OFA: A Framework of Initializing Unseen Subword Embeddings for Efficient Large-scale Multilingual Continued Pretraining

paper_url: http://arxiv.org/abs/2311.08849
repo_url: None
paper_authors: Yihong Liu, Peiqin Lin, Mingyang Wang, Hinrich Schütze
for: 本文旨在提出一种高效的多语言语模型适应方法，以提高适应多语言语言模型的效率和可行性。
methods: 本文提出了一种名为\textbf{\textsc{Ofa}}的框架，它通过智能初始化目标语言中未看到的字词的embeddings来适应多语言语言模型。\textsc{Ofa}使用了外部的多语言word embeddings，并将它们的对应关系注入到新的embeddings中。此外，\textsc{Ofa}还应用了矩阵因子分解，将高维的embeddings替换为两个低维的矩阵，从而减少参数的数量。
results: 经过广泛的实验表明，由\textsc{Ofa}初始化的模型能够高效地适应多语言语言模型，并在多种下沉任务上表现出色。此外，\textsc{Ofa}不仅加速了继续预训的整合，还提高了零Instance cross语言传递性。

Abstract
Pretraining multilingual language models from scratch requires considerable computational resources and substantial training data. Therefore, a more efficient method is to adapt existing pretrained language models (PLMs) to new languages via vocabulary extension and continued pretraining. However, this method usually randomly initializes the embeddings of new subwords and introduces substantially more embedding parameters to the language model, thus weakening the efficiency. To address these issues, we propose a novel framework: \textbf{O}ne \textbf{F}or \textbf{A}ll (\textbf{\textsc{Ofa}), which wisely initializes the embeddings of unseen subwords from target languages and thus can adapt a PLM to multiple languages efficiently and effectively. \textsc{Ofa} takes advantage of external well-aligned multilingual word embeddings and injects the alignment knowledge into the new embeddings. In addition, \textsc{Ofa} applies matrix factorization and replaces the cumbersome embeddings with two lower-dimensional matrices, which significantly reduces the number of parameters while not sacrificing the performance. Through extensive experiments, we show models initialized by \textsc{Ofa} are efficient and outperform several baselines. \textsc{Ofa} not only accelerates the convergence of continued pretraining, which is friendly to a limited computation budget, but also improves the zero-shot crosslingual transfer on a wide range of downstream tasks. We make our code and models publicly available.

摘要
<>Translate the given text into Simplified Chinese.<>现有的多语言语言模型（PLM）预训练需要较大的计算资源和大量的训练数据。因此，一种更有效的方法是使用现有的 PLM 进行多语言适应，通过词库扩展和继续预训练。但这种方法通常会随机初始化目标语言中的新词表示，并添加大量的词表示参数到语言模型中，从而降低效率。为解决这些问题，我们提出了一个新的框架：\textbf{一个 для所有} (\textbf{\textsc{Ofa}), 它智能初始化目标语言中的未看过词表示，并可以快速和有效地将 PLM 适应多种语言。\textsc{Ofa} 利用外部的多语言Word embeddings 和注入对应关系知识，并应用矩阵分解，将繁琐的词表示替换为两个更低维度的矩阵，这样减少了参数的数量，而不会降低性能。经过广泛的实验，我们发现模型使用 \textsc{Ofa} 初始化的效果更好，并在多种下游任务上实现了零shot Cross-Lingual 传递。\textsc{Ofa} 不仅加速了继续预训练的整合，也提高了零shot Cross-Lingual 传递的性能，这对有限的计算预算是友好的。我们将代码和模型公开发布。

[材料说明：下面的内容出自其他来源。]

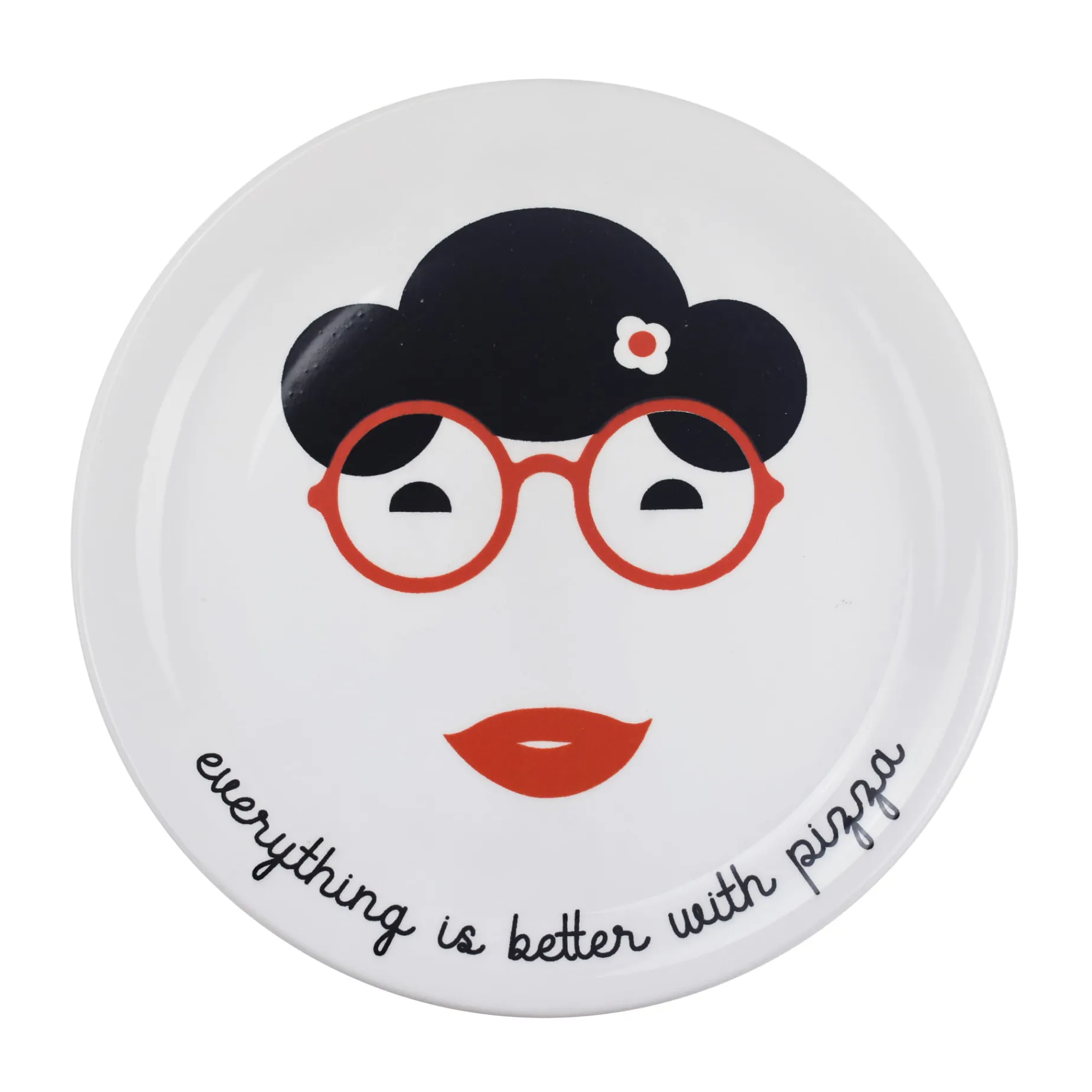 Everything Is Better With Pizza Pizza Plate, 31cm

Violet: A Vision-Language Model for Arabic Image Captioning with Gemini Decoder

paper_url: http://arxiv.org/abs/2311.08844
repo_url: None
paper_authors: Abdelrahman Mohamed, Fakhraddin Alwajih, El Moatez Billah Nagoudi, Alcides Alcoba Inciarte, Muhammad Abdul-Mageed
for: 本研究的目的是提高阿拉伯语言图像描述的水平，提供更多的泛型语言模型。
methods: 本研究使用了视觉编码器和 Gemini 文本解码器，以实现视觉和语言组件的融合。同时，我们还提出了一种自动从英语数据集中获取数据的新方法。
results: 对于我们的评估数据集，\textit{Violet} 表现出了显著的提升，例如在我们手动标注的数据集上达到了 CIDEr 分数为 61.2，并在 Flickr8k 上提高了13个点。

Abstract
Although image captioning has a vast array of applications, it has not reached its full potential in languages other than English. Arabic, for instance, although the native language of more than 400 million people, remains largely underrepresented in this area. This is due to the lack of labeled data and powerful Arabic generative models. We alleviate this issue by presenting a novel vision-language model dedicated to Arabic, dubbed \textit{Violet}. Our model is based on a vision encoder and a Gemini text decoder that maintains generation fluency while allowing fusion between the vision and language components. To train our model, we introduce a new method for automatically acquiring data from available English datasets. We also manually prepare a new dataset for evaluation. \textit{Violet} performs sizeably better than our baselines on all of our evaluation datasets. For example, it reaches a CIDEr score of $61.2$ on our manually annotated dataset and achieves an improvement of $13$ points on Flickr8k.

摘要
To train our model, we introduce a new method for automatically acquiring data from existing English datasets. Additionally, we manually prepare a new dataset for evaluation. Compared to our baselines, Violet performs significantly better on all of our evaluation datasets. For example, it achieves a CIDEr score of 61.2 on our manually annotated dataset and improves by 13 points on Flickr8k.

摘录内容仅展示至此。